A USP possui iniciativas nesse sentido. Ambrizzi, que também é vice-prefeito da Cuaso, conta que está envolvido no projeto Campus Sustentável, que inclui ações para fazer com que a Cidade Universitária se torne um ambiente sustentável, com programas de uso racional de água e energia, coleta seletiva, revitalização de áreas verdes e calçamentos e até a futura implantação de uma ciclovia no campus. “A USP tem que ser um exemplo, porque o campus da Cidade Universitária é uma cidade de médio porte, passam por aqui cerca de 80 mil pessoas por dia”, afirma. O professor do IAG também destaca o papel educativo na Universidade: “Se os nossos alunos puderem sair daqui com um viés de sustentabilidade, vão transmitir isso de uma forma mais intensa para a sociedade”.

Ele afirma, todavia, que os programas ainda estão em fase inicial ou funcionando de forma isolada, fato que deve mudar nos próximos anos. “Em quatro anos queremos ter os projetos em andamento.

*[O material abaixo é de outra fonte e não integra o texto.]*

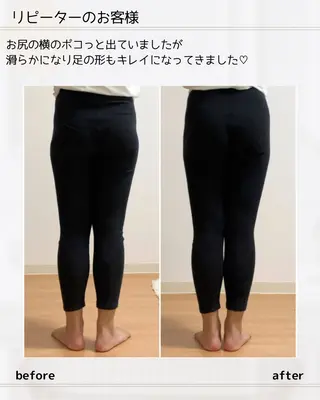 小顔矯正& 慢性肩こり腰痛改善店のエステ・リラクイメージ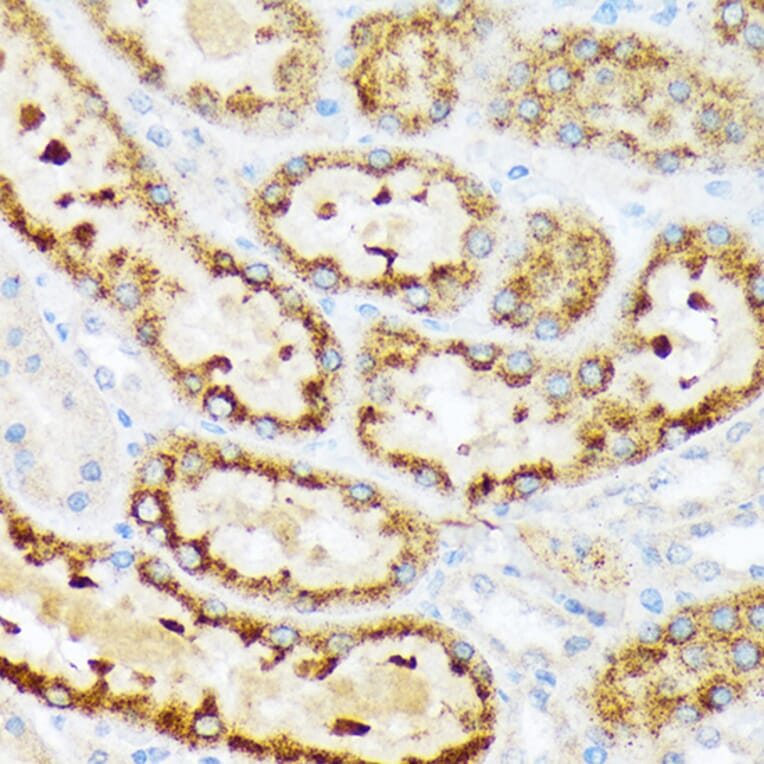 Immunohistochemistry - Anti-ENTPD5 Antibody [ARC2211] (A305942) - Antibodies.com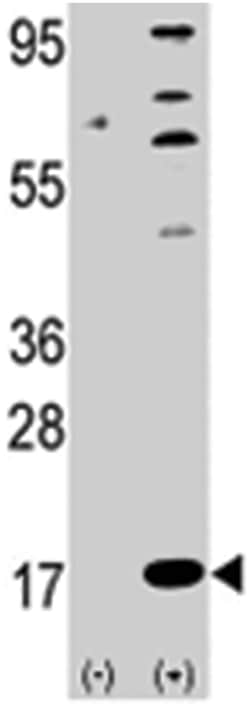 FAU Rabbit anti-Human, Polyclonal Antibody, Abnova 400&mu;L; Unlabeled:Antibodies,
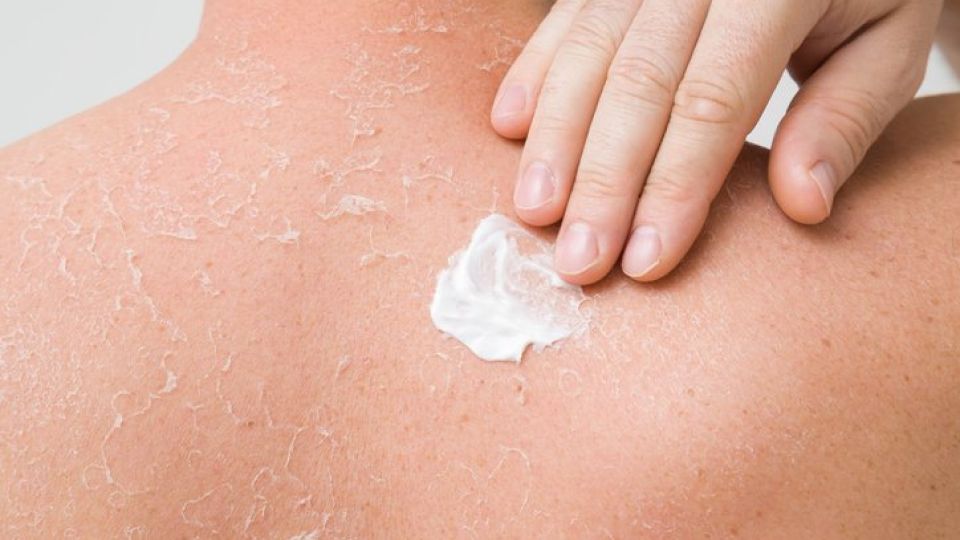 햇빛, 햇빛알레르기, 알레르기, 발진, 가려움증, 비타민D, 나만의닥터, 비대면진료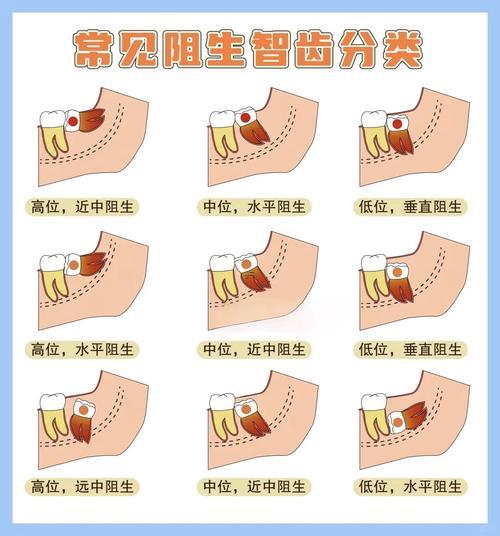 長智齒證明何事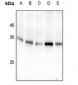 Anti-14-3-3 sigma (pS186) Antibody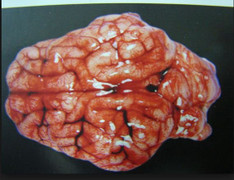 Nguyên nhân bất ngờ gây xuất huyết não, chết người rất nhanh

Em 12 anos começa-se a trabalhar na parte de remodelação dos prédios. E em 20 anos esperamos ser considerados uma universidade de classe mundial em termos de sustentabilidade”, planeja. O prazo de 20 anos não é à toa. Em 2034 a USP completa 100 anos, um momento simbólico para a instituição. E Ambrizzi é otimista: “Nós esperamos ser uma referência não só no Brasil, mas também na América Latina”.